Participating in the Battle of Tacna, and the excursions at Ite and Moquegua, Zeballos served in the Army for ten months, helping the camp followers—known as rabonas, who provided nursing services, carried arms and munitions for soldiers, and gathered intelligence which could assist the military—and soldiers, for whom she served as a rifle loader. After ten months of serving with no pay, General Eliodoro Camacho awarded pay of thirty bolivianos (Bs) to Zeballos and when he promoted her to the Ambulances of the Army (Ambulancias del Ejército) her pay increased to thirty-two Bs. per month. She was one of the first nurses to wear the emblem of the Red Cross into battle. In September 1880, having served for eighteen months, Zeballos wrote a letter to President Narciso Campero begging leave to return to Puno to check on her young daughter and asking for her back pay.

Her service was distinguished by her care of the wounded, but also her attention to caring for the children of the rabonas. She also wandered the battlefield after the combatants had ceased fighting looking for the wounded to protect them from the Chilean forces who routinely reviewed the fallen looking to slit the throats of any survivors.

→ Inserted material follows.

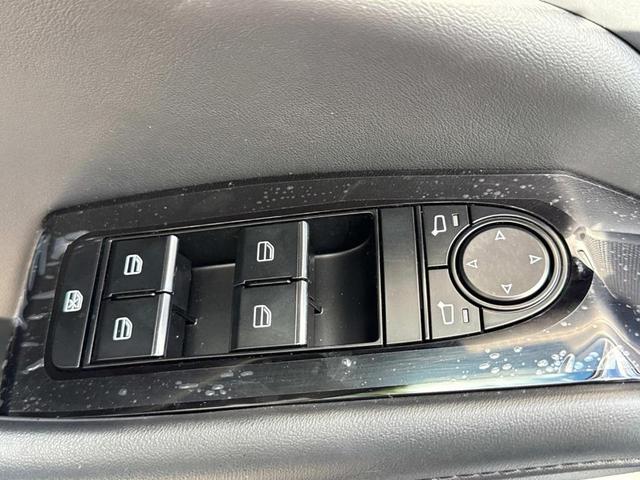 Photo of 2025 Deep Crystal Blue Mica Mazda Mazda3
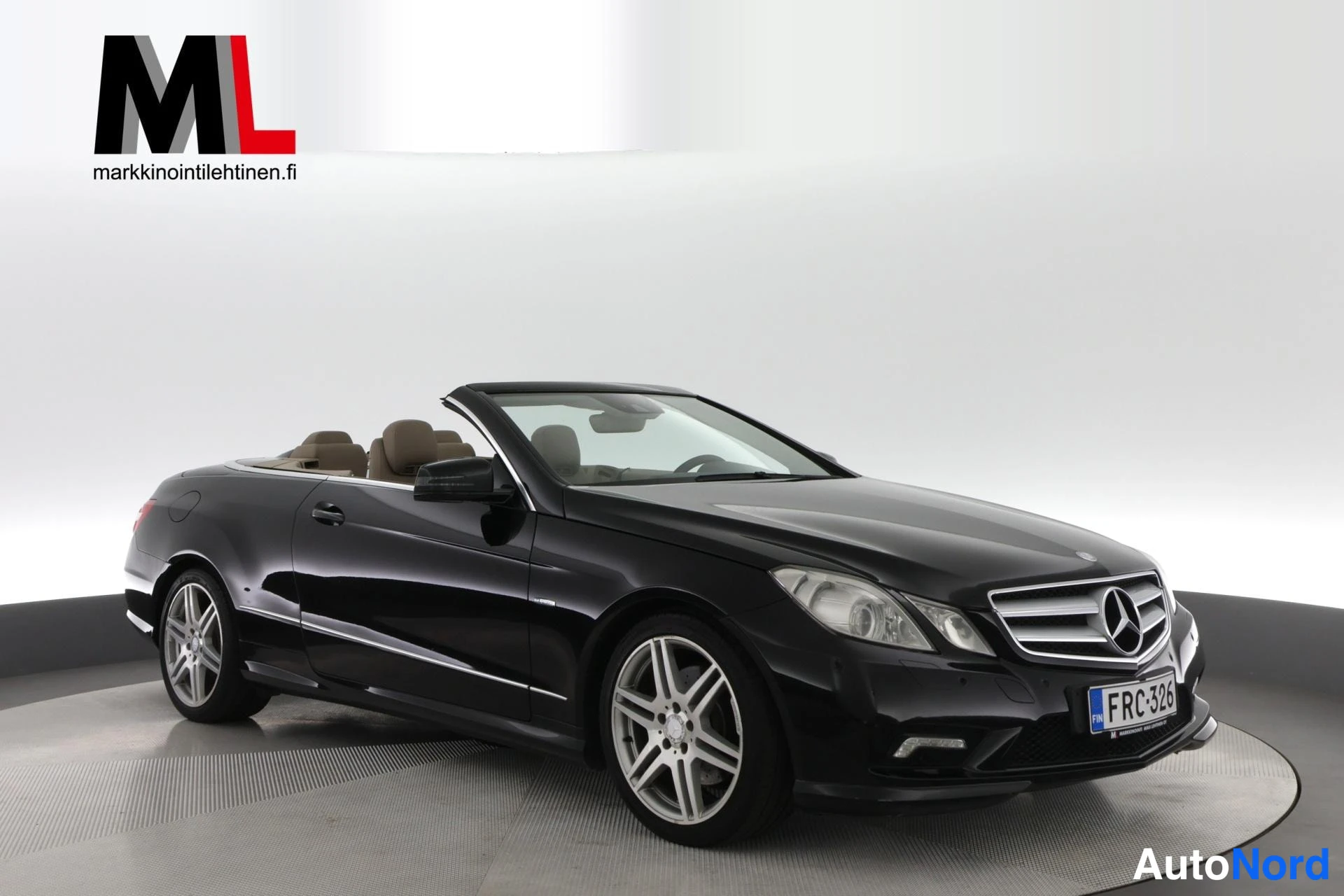 Musta Mercedes-Benz E 350 CDI 2010, etuviisto, keula oikealle, kuva 4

When the war ended, the Bolivian National Convention of 1880 declared Zeballos as the Meritorious Heroine of the Homeland (Heroína Benemérita de la Patria), bestowed upon her the honorific title of Colonel of Health, and awarded her a gold medal with a lifetime pension of forty Bs. per month.

==Death and legacy==
Zeballos died on 5 September 1904 in La Paz and was buried with military honors in the Pantheon of Nobles of La Paz. In 1948, President Enrique Hertzog named the National School of Nurses in her honor. In 1982, her remains were re-interred at a monument dedicated in her honor near Warnes, located at a northern roundabout on the highway to Montero. When the transfer of her remains was approved, the Bolivian Armed Forced declared her to be the "Mother of the Bolivian Soldier". In 2016 the government of Yapacaní created an award for the highest distinction of merit in health service or research which bears her name.